KY: So, actually, to evaluate image quality and optical performance using design software is a bit difficult. It still relies on the person's experience. There are many, many ways to evaluate lens performance, so it's really important that the optical designer has lots of experience. But if a design program helps engineers to evaluate the lens in many aspects, that is good. And also, optics are relatively flexible. [Ed. note: We believe that what Yamaki san meant by this comment is that optics have a lot of degrees of freedom in the designs. Per his following comments, it's easy to change the optics to take advantage of other changes in technology.] Optics are always a fight against mechanical constraints or conditions. In order to make better optics for a lens, the technological improvements from the surrounding technology are important. For example, if we make a better motor, a smaller motor, or a more powerful one, it helps to make better optics.
DE: Ah, I see; a better motor can mean that you have more room in the envelope for optics. When we tested the SD1, we were extremely impressed with the image quality at low ISOs, and the resolution is exceptional. It also seems to have a different character in the images: they're 3-dimensional in ways we don't see with regular Bayer pattern arrays.
DE: So now in your product line you have the SD15 at the consumer end, and you have the SD1 for pros; there's a very large price spread between them. Do you see finding some way to come in the middle of that more, with something higher-end than the SD15 but that doesn't cost ~8,000 dollars?
KY: We understand the SD1 price is very high, but we are working very hard to provide cameras like the SD1 at a more affordable price. In the future, we will expand our product lineup.

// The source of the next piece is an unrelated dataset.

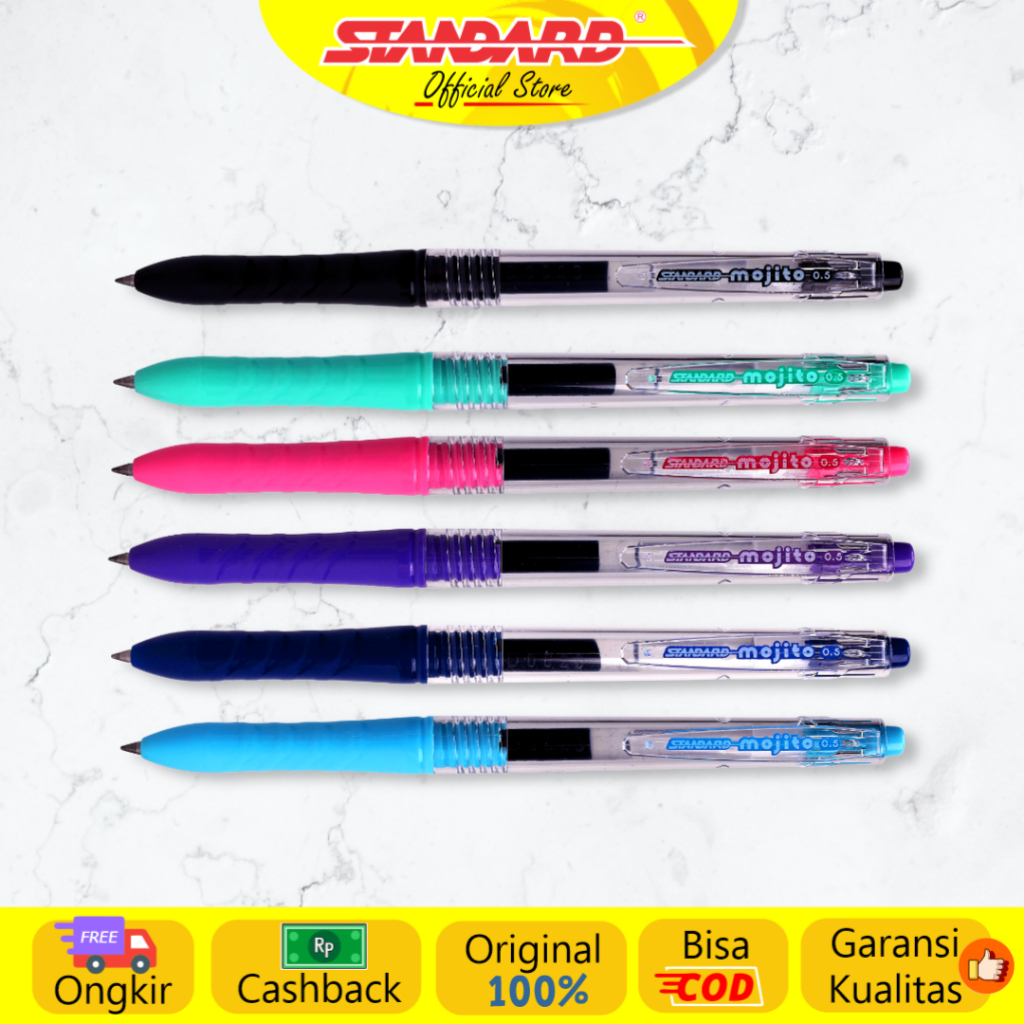 

Standard - Pulpen Mojito 0.5 - Gel ( Alat Tulis / Pen / Ballpoint / Pena )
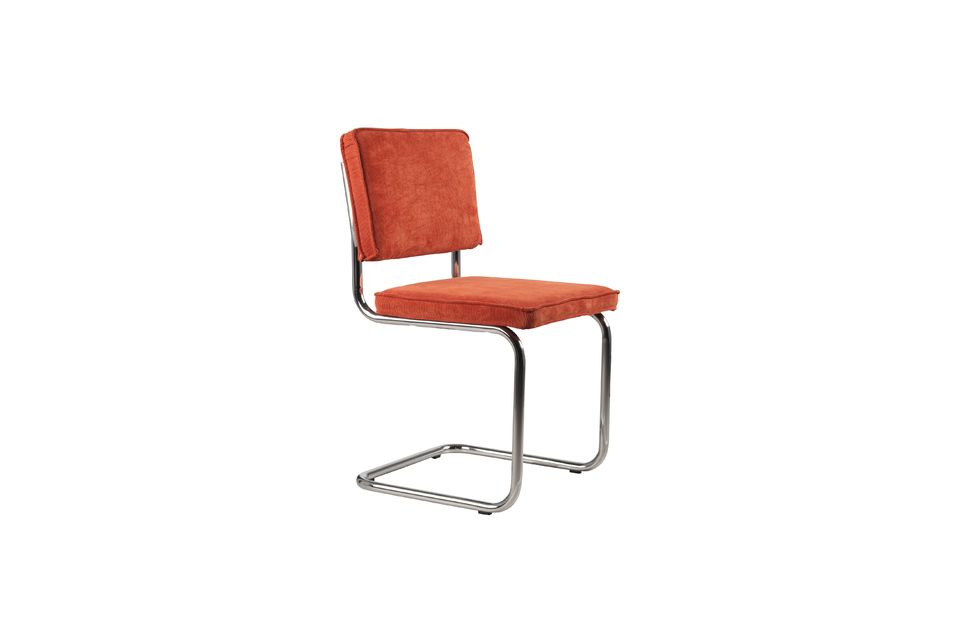 Chaise en tissu orange Ridge Rib Zuiver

DE: Do you think over time, as the SD1 becomes more mature and you recover some of your engineering costs, that might come down some too?
KY: We are making every effort. Of course, first of all we need to reduce the actual manufacturing cost per unit, but it also costs a lot to develop new sensors. So now we are separating the two issues. To recover the initial investment takes time, so now we understand that currently it's a longer investment period to develop sensors. But also, we are now working very hard to reduce manufacturing costs.
DE: I see, you've separated the two somewhat. So you have a long payback period on sensors, and a short payback on manufacturing?
KY: That's right.
DE: The question I ask everybody every year is what do you think the economy is doing? This is a very complicated time.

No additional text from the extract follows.